Why the bombing campaign against ISIS isn't going well

That sort of talk ought to be met with a reminder of the fundamental reasons—the inconvenient facts of the Syrian situation that constitute a still-unsquared circle—that will continue to make for poor results.

One reason is the multidimensional nature of the Syrian conflict, in which in the absence of a credible Syrian political alternative the United States has in effect taken the side of a Syrian regime that it supposedly still wants to oust, and in which the opposition groups in which the United States has placed its faith have significantly different priorities from Washington. Opposition groups have been particularly critical of the United States targeting of the Al-Nusra Front, which is an understandable target for the United States given that group’s status as an affiliate of Al-Qaeda, but which many of the other groups have seen as an effective ally in the fight against the Assad regime.

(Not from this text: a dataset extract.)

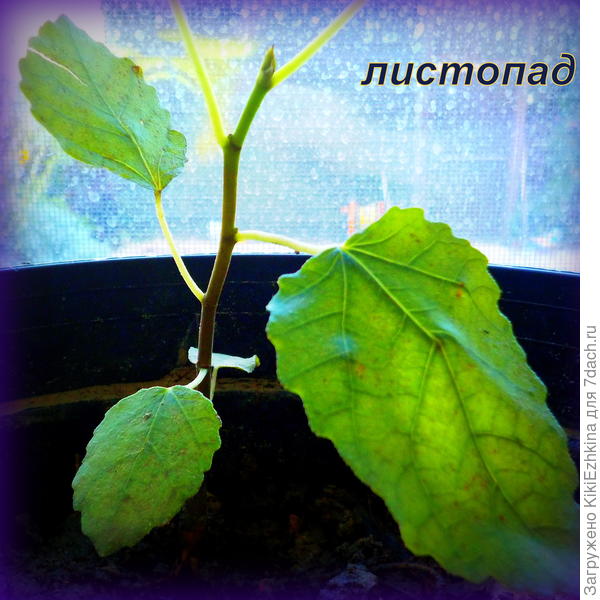 Основная часть листвы скукожилась и опала...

Another reason is the inevitable damage and resulting anger and resentment from airstrikes, even though high-tech U.S. weapons are far more discriminating than the Syrian regime’s barrel bombs. Some of the resentment-generating impact of the US. strikes so far has been indirect and economic rather than direct and kinetic. Attacks on targets such as oil refineries, power plants, and granaries have caused shortages and price rises that have hurt civilians at least as much as they have impeded ISIS.